MILLBURN, NJ — Earlier this week, members of the Millburn Environmental Commission returned before the township committee to provide an update on the single-use plastic and polystyrene ordinance which was passed in December of last year, and took effect in June of this year.
The goal of the appearance before the township committee was to look at an amendment to the ordinance, specifically focused on chain retailers.
In a pair of presentations before the committee, both this week and at the last meeting, Priya Patel and Edward Hilzenrath spoke to research they had done at major retailers in town since the ordinance had taken effect. The environmental commission visited a number of stores, including Trader Joe's and Kings among others, to see how they were adapting to the new rules.
What they found was that while major retailers were complying with the letter of the law, they were falling short of the spirit. One example was Walgreens, which reportedly did not collect. a fee on plastic bags, along with stores like CVS and ShopRite, which did not meet the required threshold of recyclable materials, and could be categorized as further plastic waste.
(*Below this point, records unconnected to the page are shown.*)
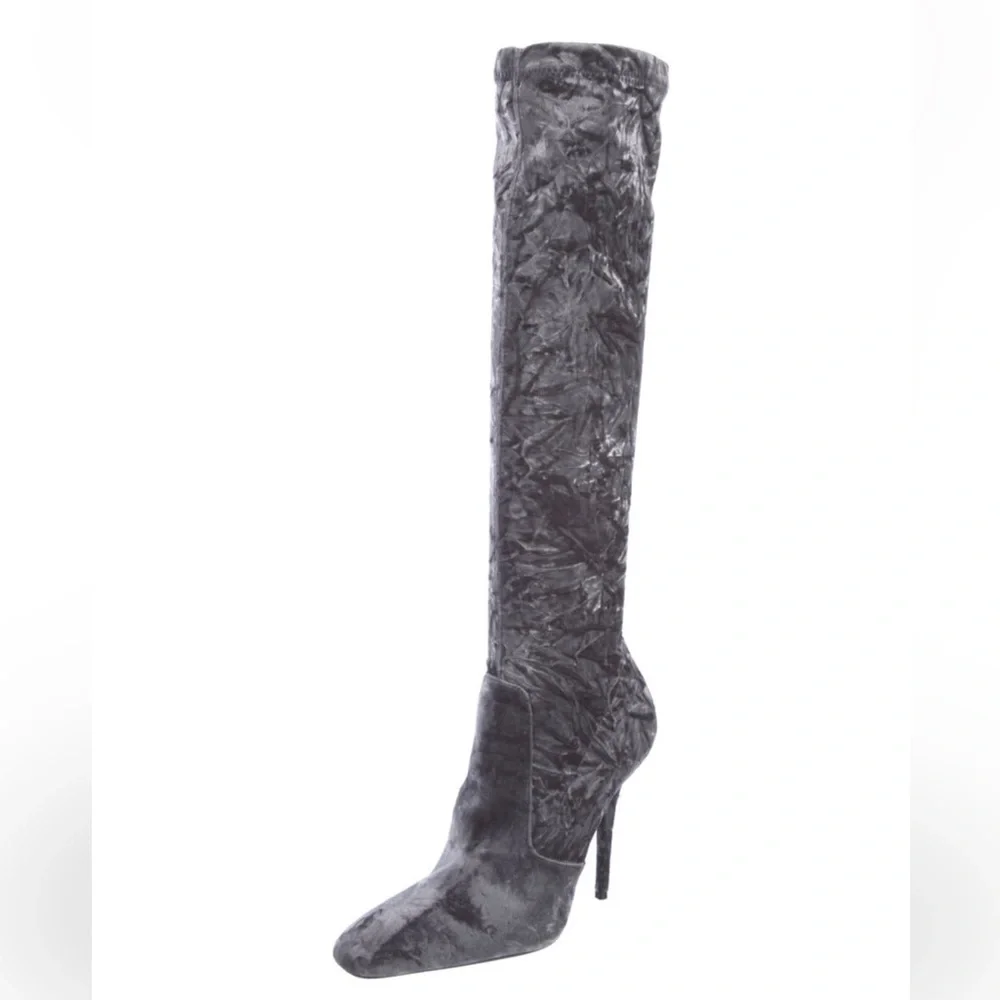 Saint Laurent Talia 110 Crushed Velvet Knee Boot 37 Gray - Picture 7 of 10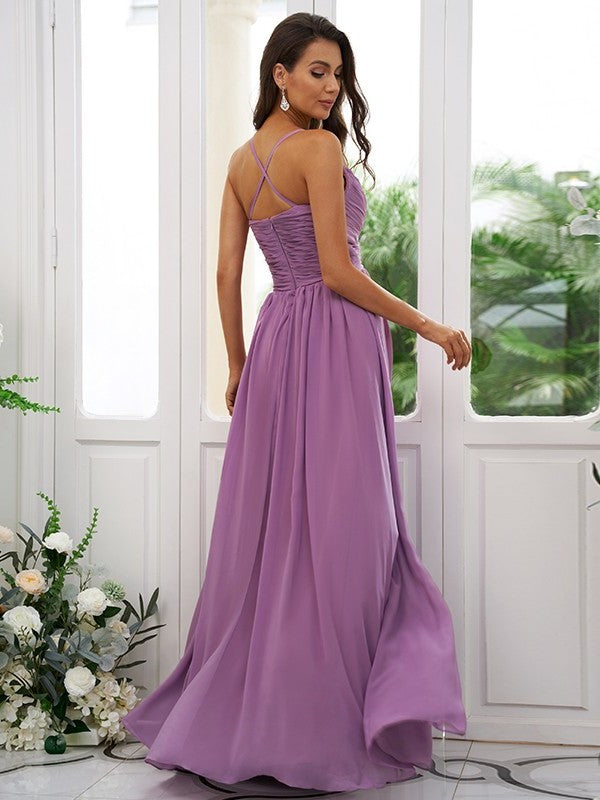 A-Line/Princess Ruched V-neck Sleeveless Chiffon Floor-Length Bridesmaid Dresses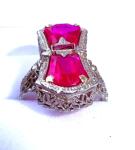 Belais Art Deco 14ct White Gold Ruby Ring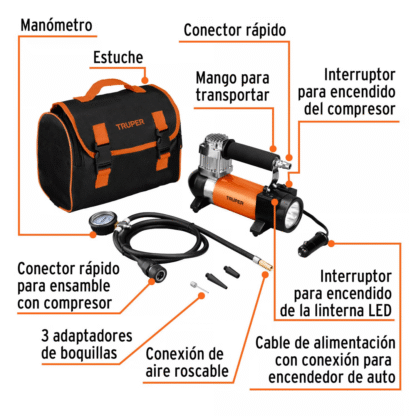 Compresora de aire con linterna para auto, 12v TRUPER - Imagen 2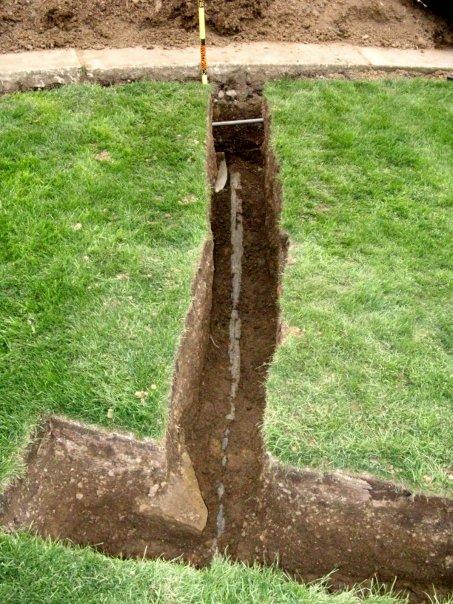 PUTTING DRAIN PIPE DOWN AND THEN BACK FILLING, DUMP TRUCK UNLOADING SHATTERED PIPE AND COLLASPED IT 1964. IDIOTS!!!!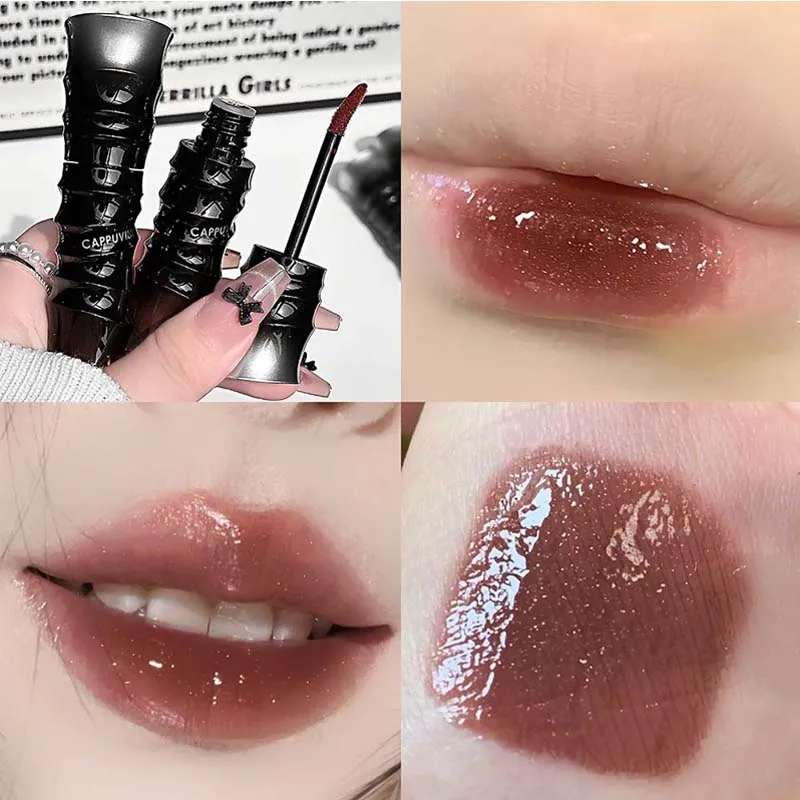 Punk Dark Red Lip Gloss Mirror Shine Silky Moisturizing Texture Lip Glaze Non-Sticky Chocolate Red Cherry Watery Glossy Lip Tint view 6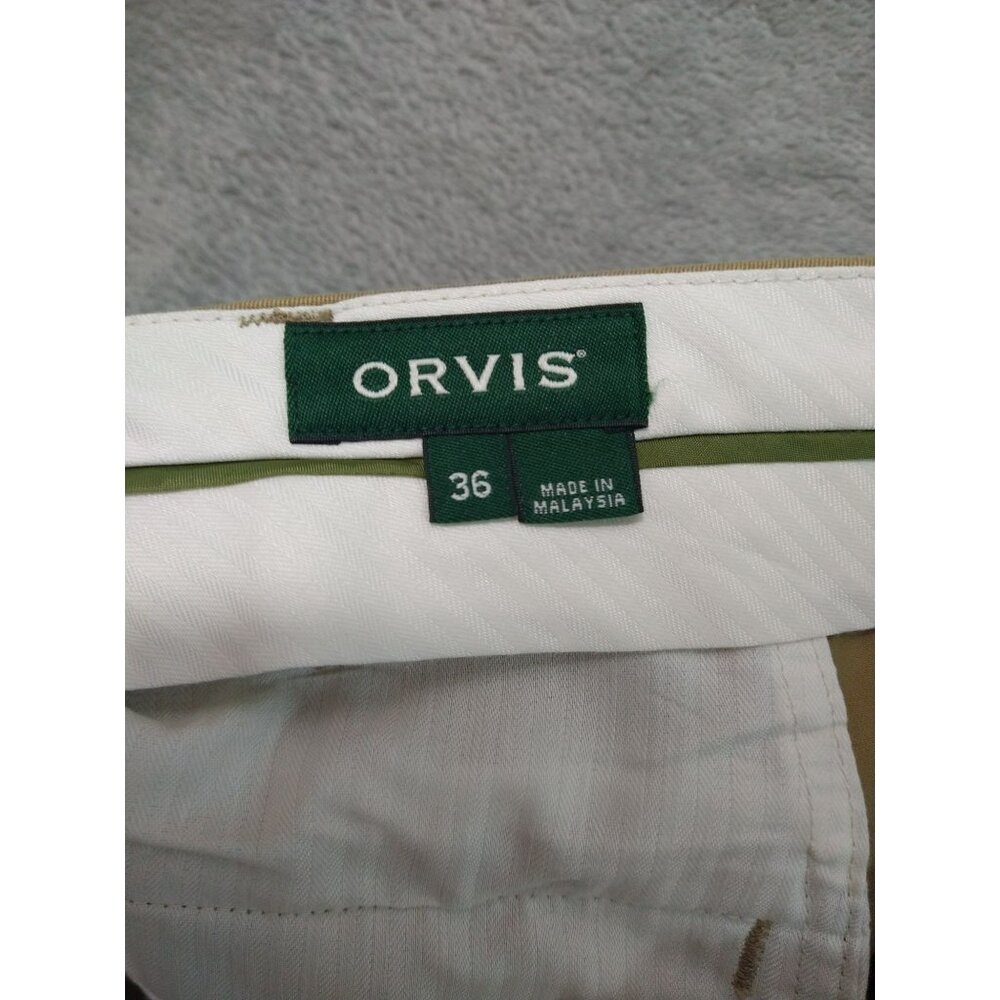 Orvis Pants Mens 36 x 32 Beige Chino Flat Front Mid Rise Cotton Casual Preppy - Picture 7 of 9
Additionally, several of the retailers did not list the fee for the plastic bag on their receipts.
Speaking after the meeting, Patel said that the end goal for the environmental commission is to see to it that major retailers are not playing on an uneven field against smaller stores as the ordinance continues to take effect.
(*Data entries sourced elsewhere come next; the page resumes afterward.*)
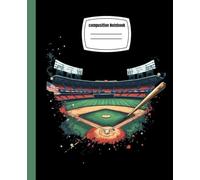 Baseball Drip Composition Notebook: Wide Ruled Journal with Home Plate and Bat Design for Boys, Students, School, Teachers, and Sports Fans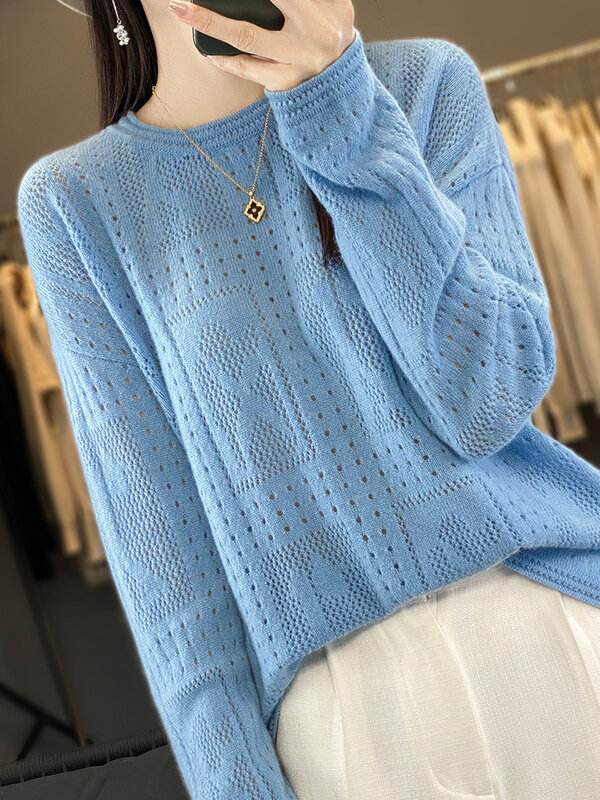 Nowy elegancki damski sweter wiosenno-jesienny Hollow z długim rękawem sweter z dekoltem w kształcie litery "o" 100% wełna merynosów dzianinowy luźny sweter odzież damska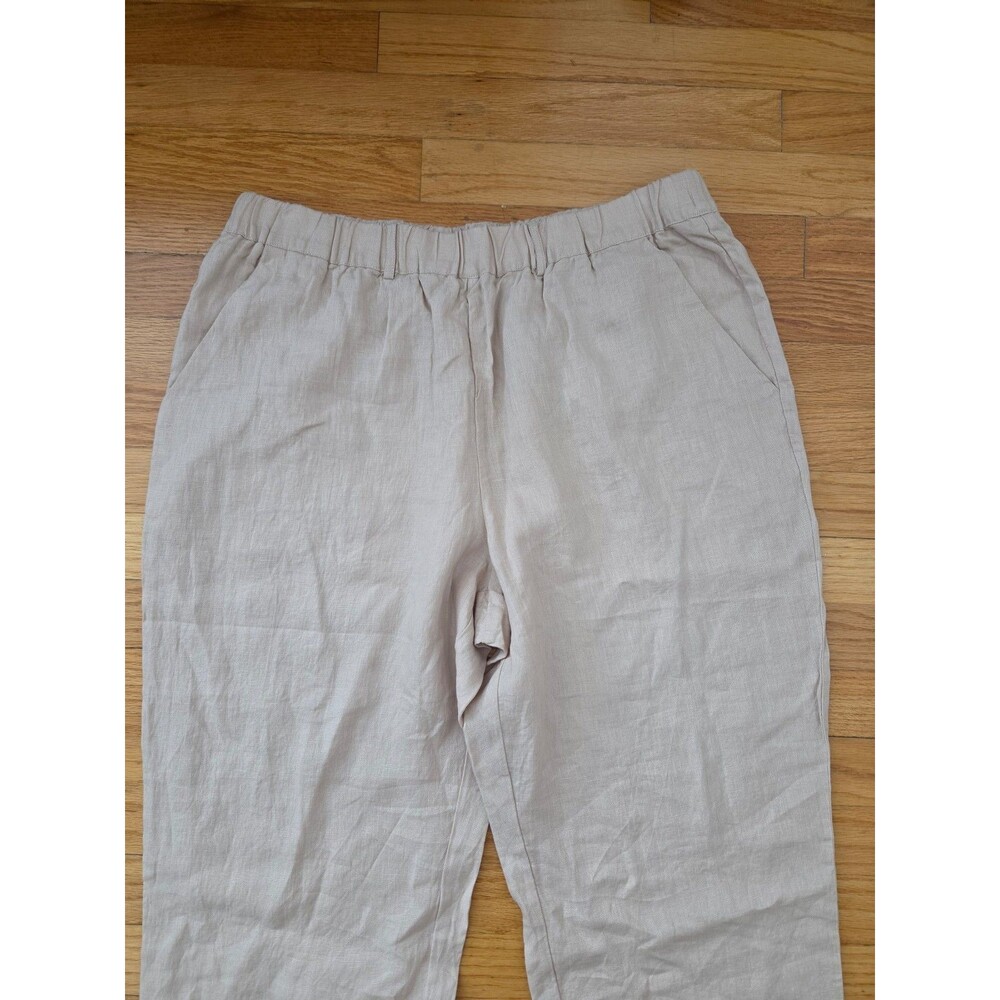 Quince Linen Pull in Pants Natural Coastal Vacation Cruise Beige L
"Our hope is that they eventually amend the current ordinance," Patel said. "And that will force the hand of the retailers that are not abiding by the sprit of this ordinance to actually do what they need to do, and to stop putting more plastic bags into the waste stream."
However, in spite of the lapses from some of the major businesses, Patel said that every single local establishment they check in with has passed with flying colors. Something that she said was a testament to the owners and staff.
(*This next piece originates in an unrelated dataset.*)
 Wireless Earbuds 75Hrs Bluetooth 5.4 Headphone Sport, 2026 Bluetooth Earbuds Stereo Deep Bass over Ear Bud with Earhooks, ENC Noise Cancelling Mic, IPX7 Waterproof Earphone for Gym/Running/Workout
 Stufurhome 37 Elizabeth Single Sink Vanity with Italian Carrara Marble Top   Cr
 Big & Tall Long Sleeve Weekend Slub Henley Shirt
"I think they're under a lot of pressure and stress," she said. "And in spite of that, they are still abiding by this ordinance. We commend them, and I think that's possible, we want to support them and make sure that they survive this terrible period in our history.
"We kind of want to highlight the fact that if they're able to do this, if they're able to abide by the ordinance, certainly those retailers with much deeper pockets should be able to."
Following their presentations, the environmental commission was given the green light to begin work on a possible amendment by the township committee.